Here we come to the game Loom, designed by Brian Moriarty, formerly of Infocom, now of Lucasfilm Games. It's a fantasy, complete with dragons and magic spells—but it's like nothing you've ever seen (or done) before.

The story begins to unfold with an impressive half-hour audiotape, which tells how Bobbin was born under dangerous circumstances among the guild of weavers. As he grows up, he has to learn something of weaver magic, which consists of short melodies played on a musical distaff.

And that's how you work magic in the game, You learn short melodies and plink them out on the distaff in the lower left corner of the screen. The audiotape contains a couple of short melodies; you'll learn more as you work your way through the game.

The fabric of the universe is unraveling, and, as the only child ever born of the magical Loom, only you have the power to fend off disaster. To do this, you must learn secrets from other guilds—the shepherds, the glassmakers, the blacksmiths.

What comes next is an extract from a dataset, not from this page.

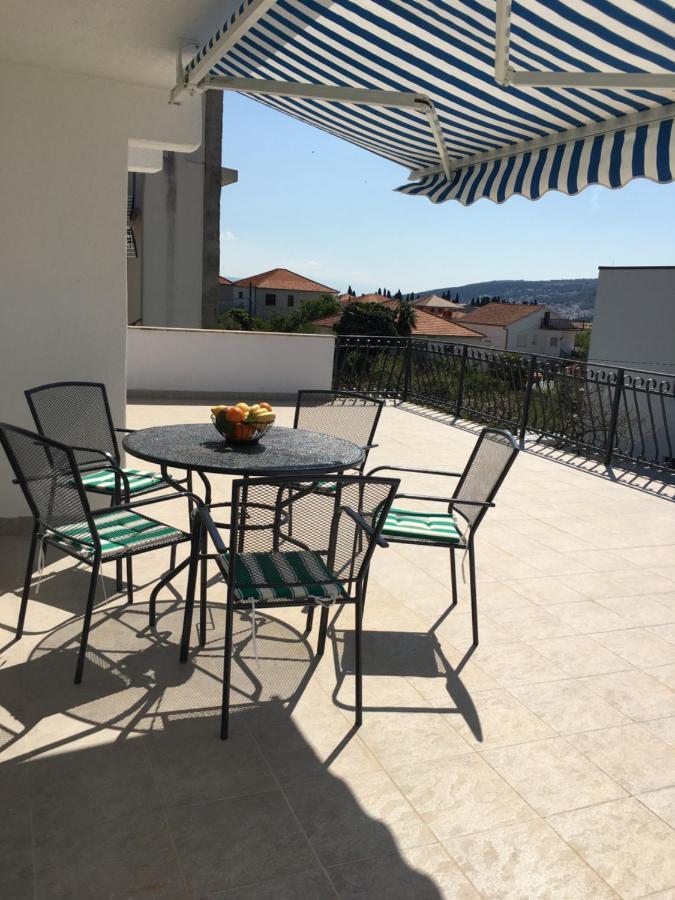 Kairos Apartment โตรกีร์ ภายนอก รูปภาพ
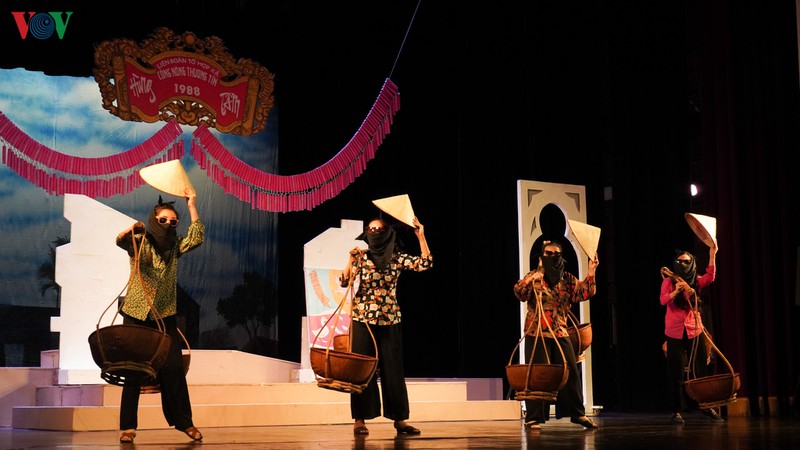 vo kich "benh si" tro lai thap sang anh den san khau sau covid-19 hinh 8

As you pursue your quest, you never type a single letter—which is only fitting, considering that few characters in Bobbin's world know how to read. You move through the gorgeous landscapes by pointing to the place you want to go—Bobbin always knows how to get there.

(I get tired of characters who can't seem to walk without my constant attention.)

Loom is a work of storytelling art that can stand up well to comparison with other such arts—film, television, drama—without losing its value as a game. The audioplay at the beginning helps immerse you in the tale; the terrific pictures and realistic animation sustain your interest and belief; and the interface is so natural and intuitive that you feel as though you have actually lived through Bobbin's life.

Loom is not as interactive as, say. Rocket Ranger. You don't start out with a map of the world and go wherever you want in any order you want. But the story is good enough that you'll rarely notice how you're being channeled through the sequence of events. As with Lucasfilm Games' adaptation of the popular Indiana Jones and the Last Crusade, Loom usually offers more than one solution to each problem.

In fact, Last Crusade does something I've wanted to see for a long time. If you come into the game bent on quick, violent solutions, you'll end up playing a violent game. If you come in with a more clever, puzzle-solving style, you'll end up playing a subtle game of wits. You can win either way. The game becomes what you want it to be.

That's a level of interactivity that almost no other games have achieved before—responding to the player's moral choices, not by punishing bad behavior, but rather by letting players experience the moral universe they seem to want to live in. When a game allows that, it has the possibility of making the player a true participant in the creation of the story.

By the way, Loom and Last Crusade are the last story games from Lucasfilm that I'll be reviewing for a while. The very things that I've praised in this column have led me to collaborate with Lucasfilm on what we hope will be a new generation of storytelling games.

In the meantime, I'll continue to write this column, telling you what I think is good—and bad—in the world of computer games. If anything, working as a designer myself will help me be all the more aware of remarkable achievements by the best of today's game designers.